**EXERCISE BRIEF:** What is needed is an exact repeat of the lines from the one holding "Women's Heavy Cotton T-Shirt - Flip Flops" through the final line of the data, with no pictures.

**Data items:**
=====

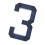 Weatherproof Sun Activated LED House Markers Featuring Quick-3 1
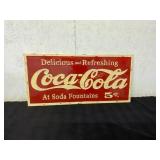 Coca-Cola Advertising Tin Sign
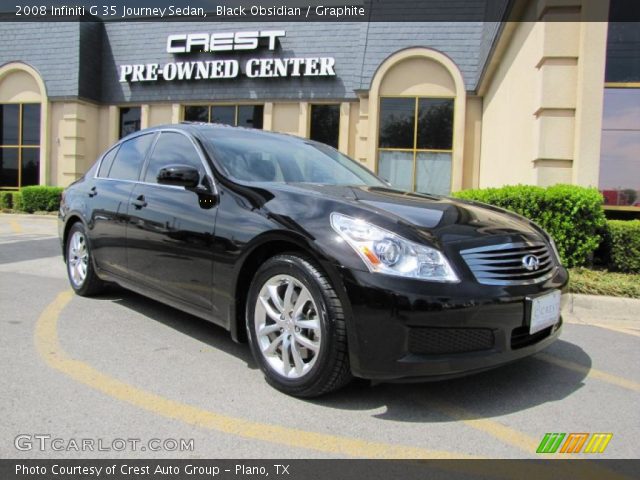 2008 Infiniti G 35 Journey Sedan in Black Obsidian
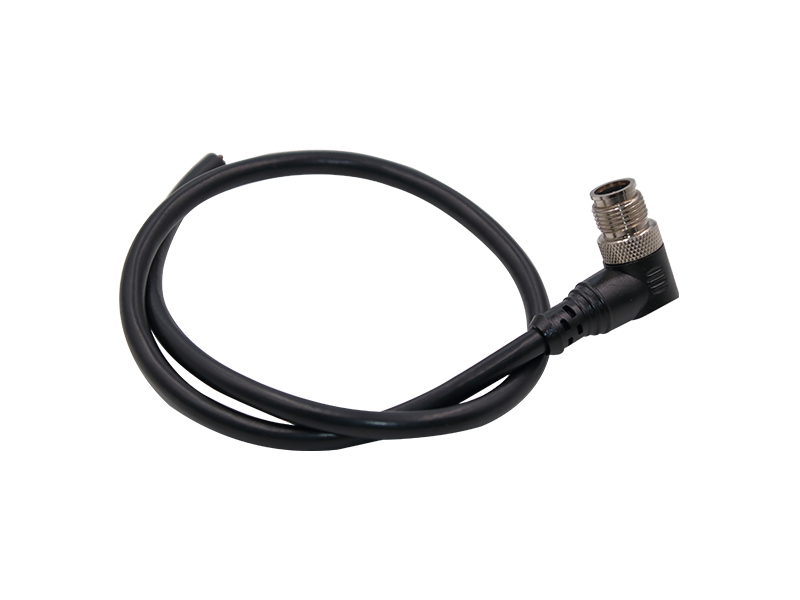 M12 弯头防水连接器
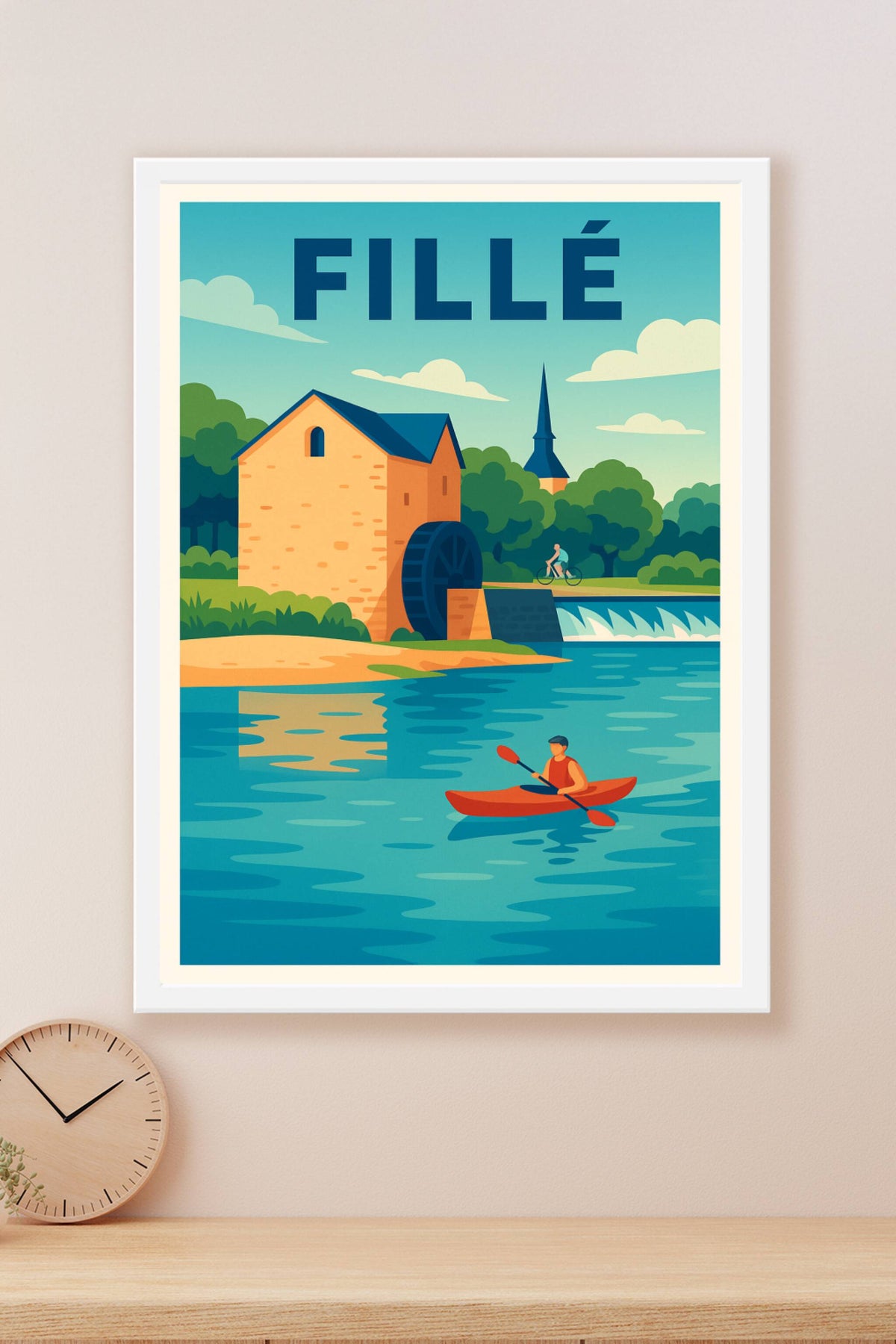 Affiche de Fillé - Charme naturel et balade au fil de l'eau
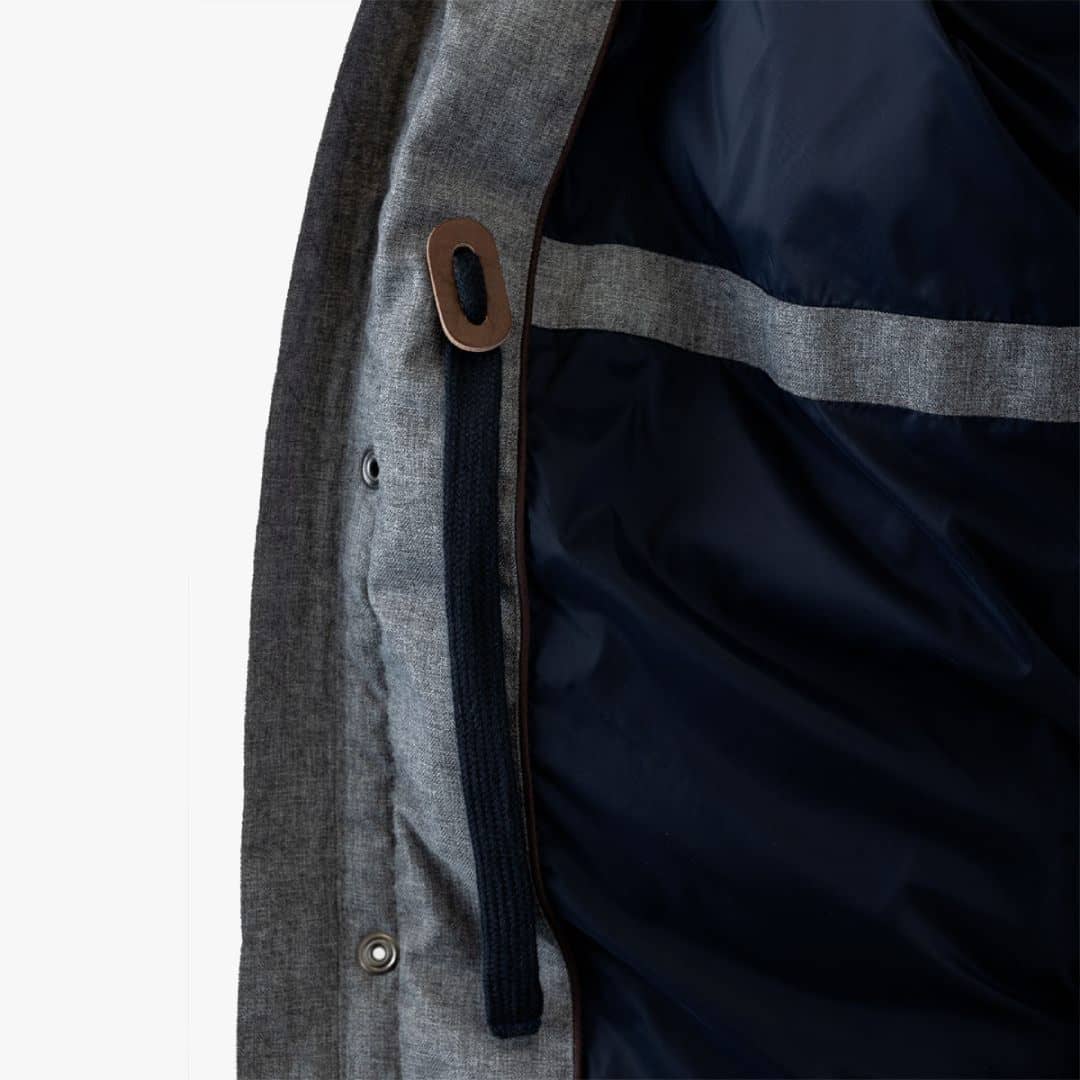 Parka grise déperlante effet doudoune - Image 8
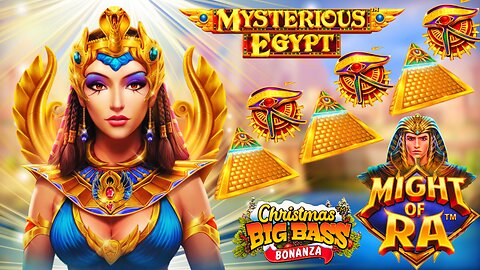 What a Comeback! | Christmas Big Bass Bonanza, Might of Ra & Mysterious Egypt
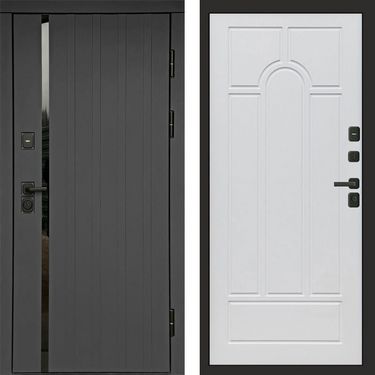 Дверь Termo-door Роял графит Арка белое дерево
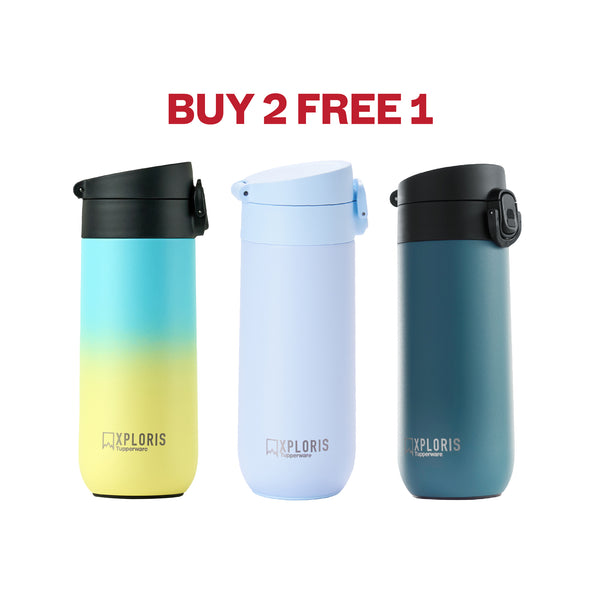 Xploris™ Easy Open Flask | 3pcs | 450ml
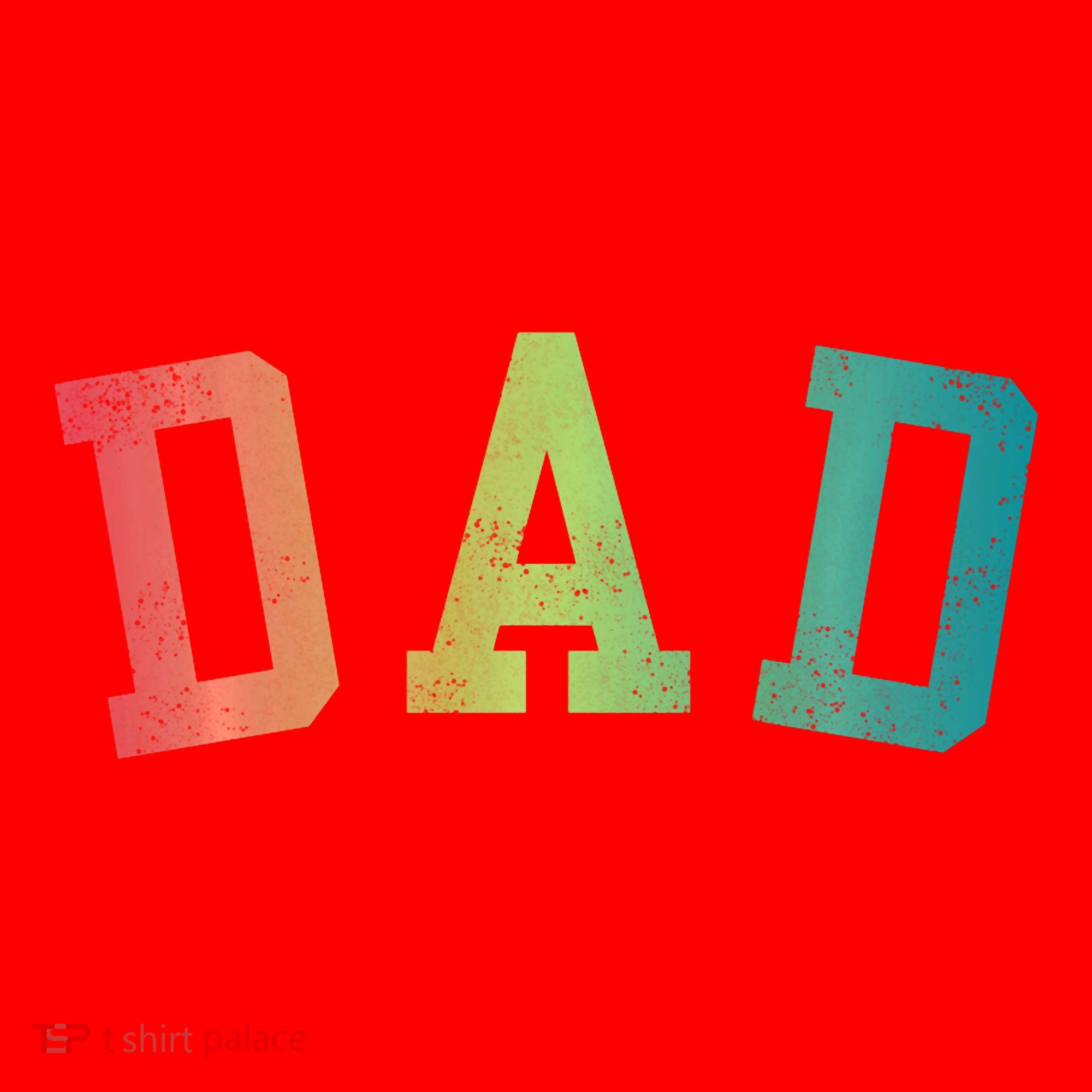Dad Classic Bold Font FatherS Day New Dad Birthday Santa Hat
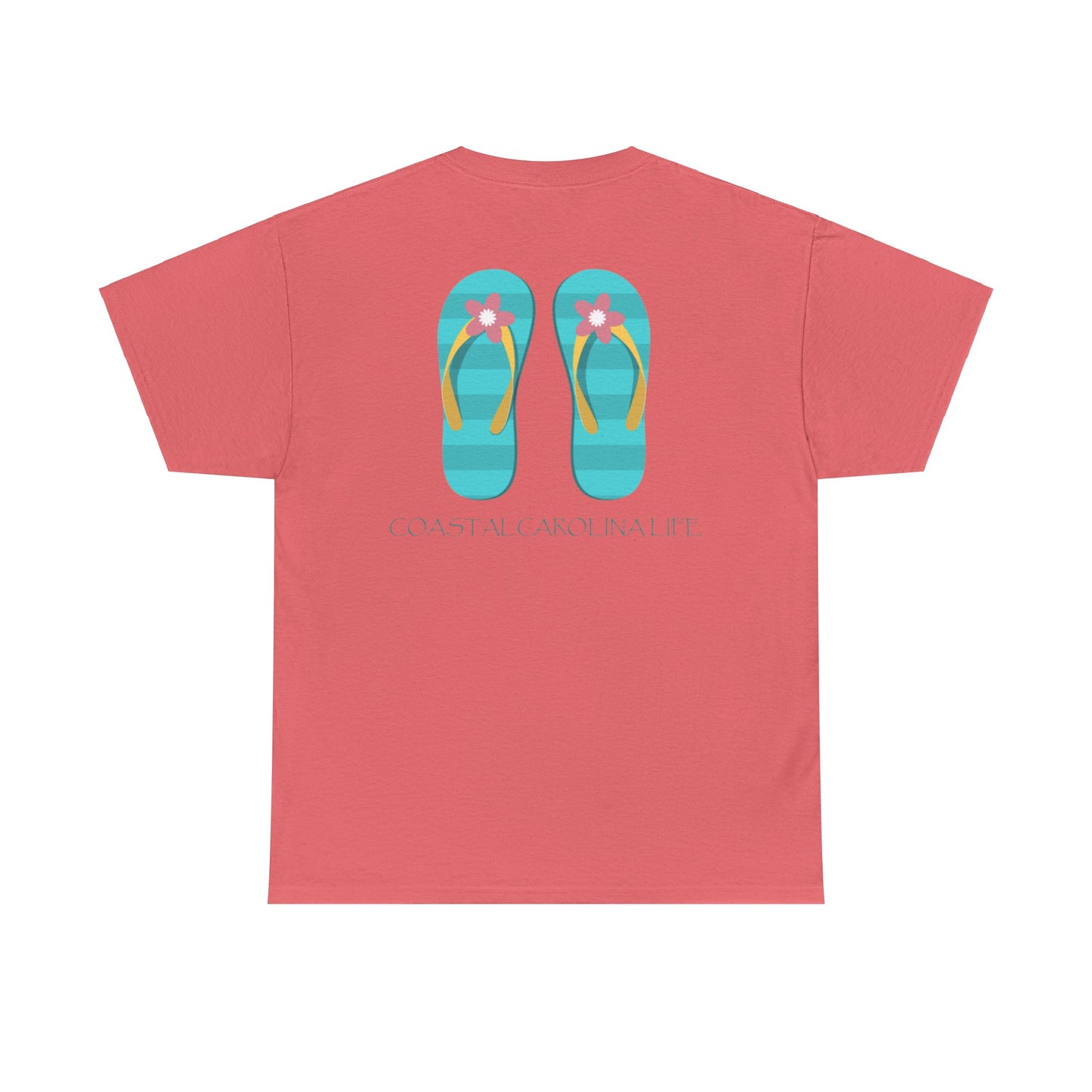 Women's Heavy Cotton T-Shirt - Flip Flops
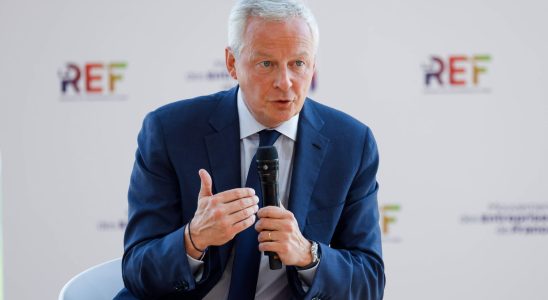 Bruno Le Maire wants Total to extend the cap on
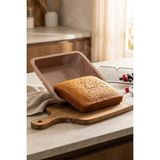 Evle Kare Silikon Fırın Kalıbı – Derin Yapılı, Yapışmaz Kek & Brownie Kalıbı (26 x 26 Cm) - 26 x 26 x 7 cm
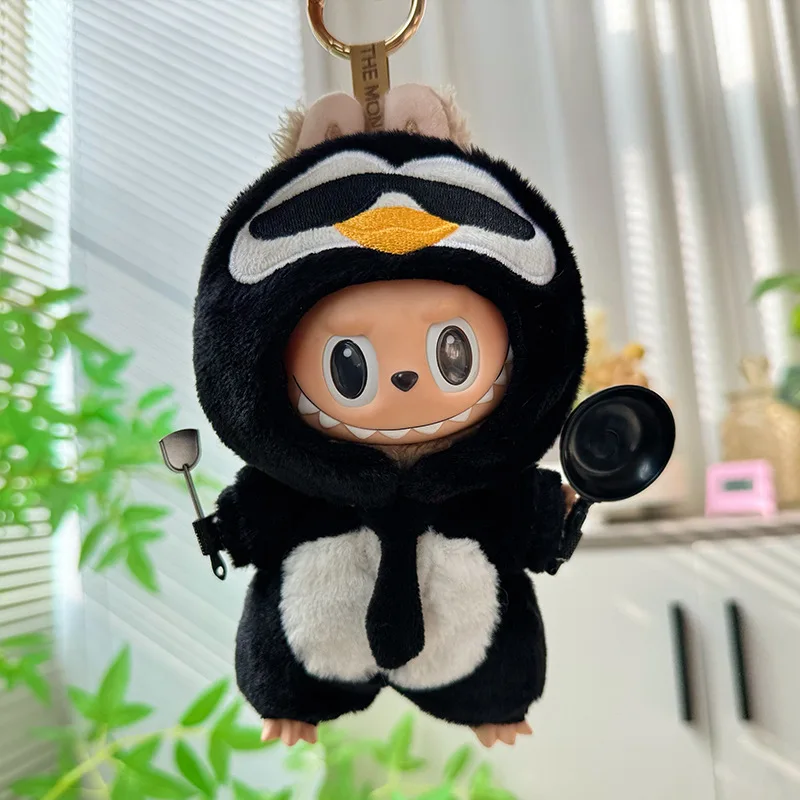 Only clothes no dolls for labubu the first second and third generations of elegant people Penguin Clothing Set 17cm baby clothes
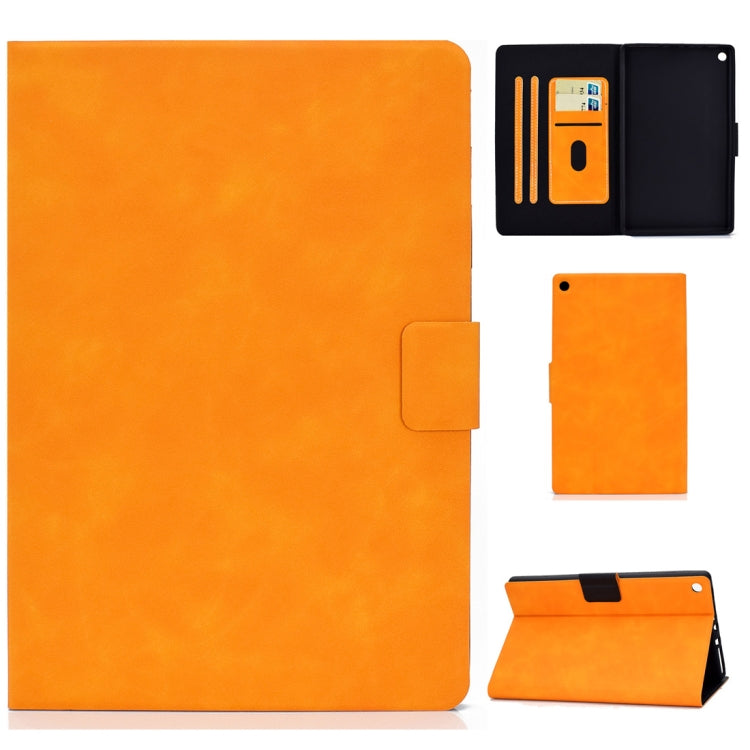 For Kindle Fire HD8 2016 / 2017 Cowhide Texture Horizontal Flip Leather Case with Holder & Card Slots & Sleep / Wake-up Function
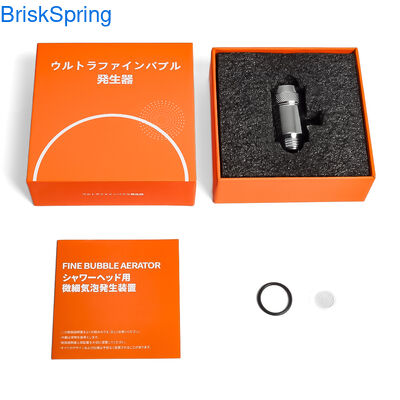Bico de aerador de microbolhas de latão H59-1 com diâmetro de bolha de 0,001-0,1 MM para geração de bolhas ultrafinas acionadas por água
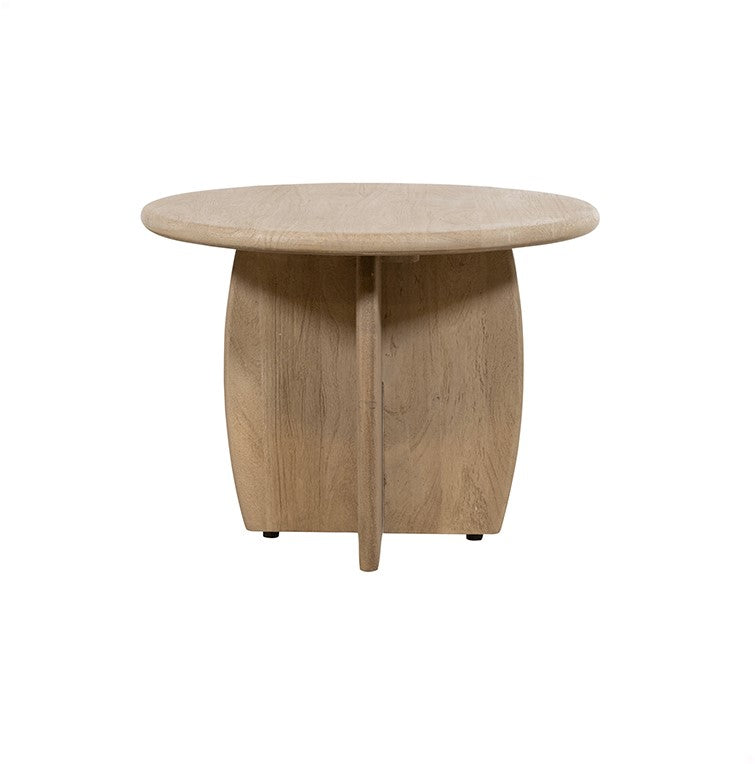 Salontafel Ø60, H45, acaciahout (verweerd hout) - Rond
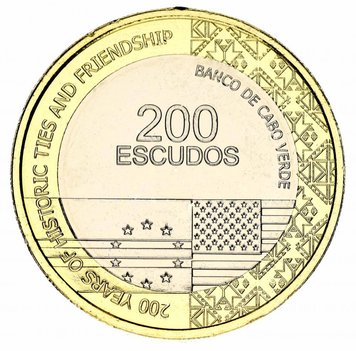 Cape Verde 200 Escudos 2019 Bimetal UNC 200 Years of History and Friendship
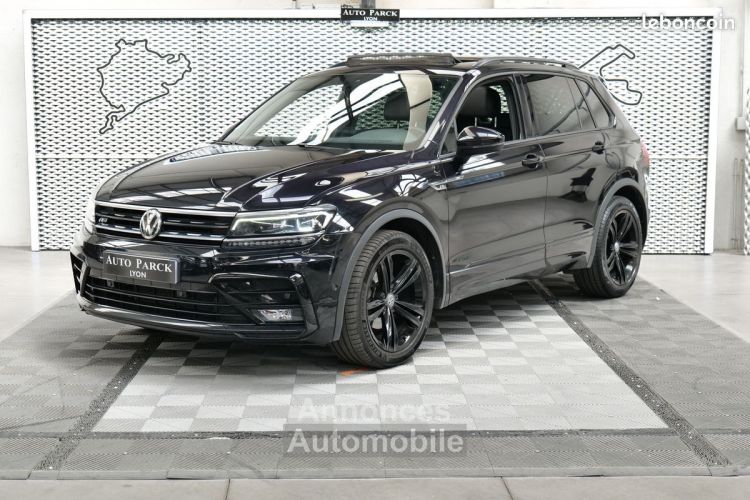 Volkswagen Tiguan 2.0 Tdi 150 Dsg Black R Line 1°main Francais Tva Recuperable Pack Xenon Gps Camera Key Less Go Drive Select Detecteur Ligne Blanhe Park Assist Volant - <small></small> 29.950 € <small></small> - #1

=====

**ANSWER TO THIS TASK:**
 Women's Heavy Cotton T-Shirt - Flip Flops
 Bruno Le Maire wants Total to extend the cap on
 Evle Kare Silikon Fırın Kalıbı – Derin Yapılı, Yapışmaz Kek & Brownie Kalıbı (26 x 26 Cm) - 26 x 26 x 7 cm
 Only clothes no dolls for labubu the first second and third generations of elegant people Penguin Clothing Set 17cm baby clothes
 For Kindle Fire HD8 2016 / 2017 Cowhide Texture Horizontal Flip Leather Case with Holder & Card Slots & Sleep / Wake-up Function
Bico de aerador de microbolhas de latão H59-1 com diâmetro de bolha de 0,001-0,1 MM para geração de bolhas ultrafinas acionadas por água
 Salontafel Ø60, H45, acaciahout (verweerd hout) - Rond
 Cape Verde 200 Escudos 2019 Bimetal UNC 200 Years of History and Friendship
 Volkswagen Tiguan 2.0 Tdi 150 Dsg Black R Line 1°main Francais Tva Recuperable Pack Xenon Gps Camera Key Less Go Drive Select Detecteur Ligne Blanhe Park Assist Volant - <small></small> 29.950 € <small></small> - #1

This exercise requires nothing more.